Task instructions - Return, word for word, the lines of the listing below from the one with "Toyota forklift for sale, very reliable" through the one with "Camión volquete de", and no other lines.

Supplied records -
◆ ◆ ◆

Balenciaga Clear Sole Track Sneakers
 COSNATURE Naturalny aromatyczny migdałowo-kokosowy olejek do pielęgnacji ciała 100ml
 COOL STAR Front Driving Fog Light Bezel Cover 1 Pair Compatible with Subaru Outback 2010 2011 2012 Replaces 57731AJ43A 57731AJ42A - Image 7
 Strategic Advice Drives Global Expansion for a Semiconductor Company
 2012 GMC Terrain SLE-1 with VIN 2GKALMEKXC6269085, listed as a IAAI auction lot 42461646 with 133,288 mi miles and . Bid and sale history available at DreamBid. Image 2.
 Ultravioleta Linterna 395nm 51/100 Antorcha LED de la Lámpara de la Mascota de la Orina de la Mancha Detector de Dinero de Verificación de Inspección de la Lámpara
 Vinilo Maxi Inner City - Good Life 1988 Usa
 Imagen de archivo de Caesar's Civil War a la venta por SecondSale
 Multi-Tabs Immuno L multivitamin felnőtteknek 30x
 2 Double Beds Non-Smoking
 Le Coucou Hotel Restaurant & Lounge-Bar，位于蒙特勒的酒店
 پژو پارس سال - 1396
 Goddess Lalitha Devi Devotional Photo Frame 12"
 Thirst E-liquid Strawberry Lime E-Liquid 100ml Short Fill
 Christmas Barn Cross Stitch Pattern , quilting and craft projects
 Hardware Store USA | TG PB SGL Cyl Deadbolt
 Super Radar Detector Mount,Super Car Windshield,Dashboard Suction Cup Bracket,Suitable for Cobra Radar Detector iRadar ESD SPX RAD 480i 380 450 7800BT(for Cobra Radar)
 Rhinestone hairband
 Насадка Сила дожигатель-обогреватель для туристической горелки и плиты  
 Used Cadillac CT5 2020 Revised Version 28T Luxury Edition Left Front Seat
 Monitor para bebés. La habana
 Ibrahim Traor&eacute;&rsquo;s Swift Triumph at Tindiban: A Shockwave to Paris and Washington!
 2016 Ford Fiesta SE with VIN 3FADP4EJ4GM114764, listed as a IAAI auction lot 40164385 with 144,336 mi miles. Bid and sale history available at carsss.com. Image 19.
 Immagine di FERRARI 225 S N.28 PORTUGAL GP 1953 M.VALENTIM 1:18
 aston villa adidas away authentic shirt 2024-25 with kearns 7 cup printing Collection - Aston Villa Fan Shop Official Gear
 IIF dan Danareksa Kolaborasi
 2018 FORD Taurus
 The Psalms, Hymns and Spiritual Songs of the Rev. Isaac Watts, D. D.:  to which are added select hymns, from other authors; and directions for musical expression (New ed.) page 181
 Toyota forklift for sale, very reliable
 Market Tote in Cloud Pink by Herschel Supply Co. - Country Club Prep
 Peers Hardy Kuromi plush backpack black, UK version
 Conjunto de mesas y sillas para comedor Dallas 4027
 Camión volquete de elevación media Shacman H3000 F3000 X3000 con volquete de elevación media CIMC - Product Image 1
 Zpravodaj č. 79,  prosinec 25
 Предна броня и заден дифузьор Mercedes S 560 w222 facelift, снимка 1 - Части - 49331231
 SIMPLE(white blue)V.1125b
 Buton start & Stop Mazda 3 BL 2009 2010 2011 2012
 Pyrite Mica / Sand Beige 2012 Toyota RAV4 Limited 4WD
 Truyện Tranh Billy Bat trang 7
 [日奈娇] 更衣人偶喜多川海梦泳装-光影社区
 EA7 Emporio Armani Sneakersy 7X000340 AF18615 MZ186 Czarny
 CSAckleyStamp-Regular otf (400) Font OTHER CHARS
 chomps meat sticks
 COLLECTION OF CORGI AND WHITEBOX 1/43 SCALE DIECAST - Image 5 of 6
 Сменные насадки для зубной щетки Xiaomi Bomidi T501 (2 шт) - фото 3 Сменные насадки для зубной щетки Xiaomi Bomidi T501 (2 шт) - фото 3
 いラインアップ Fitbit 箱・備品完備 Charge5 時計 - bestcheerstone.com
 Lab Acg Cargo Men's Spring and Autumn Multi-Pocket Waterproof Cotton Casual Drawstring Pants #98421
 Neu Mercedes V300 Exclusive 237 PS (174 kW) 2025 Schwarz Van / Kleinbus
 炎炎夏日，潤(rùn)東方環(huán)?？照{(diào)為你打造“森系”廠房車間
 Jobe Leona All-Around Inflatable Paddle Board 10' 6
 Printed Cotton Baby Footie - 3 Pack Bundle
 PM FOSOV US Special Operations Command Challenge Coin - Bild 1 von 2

◆ ◆ ◆

Written answer -
 Toyota forklift for sale, very reliable
 Market Tote in Cloud Pink by Herschel Supply Co. - Country Club Prep
 Peers Hardy Kuromi plush backpack black, UK version
 Conjunto de mesas y sillas para comedor Dallas 4027
 Camión volquete de elevación media Shacman H3000 F3000 X3000 con volquete de elevación media CIMC - Product Image 1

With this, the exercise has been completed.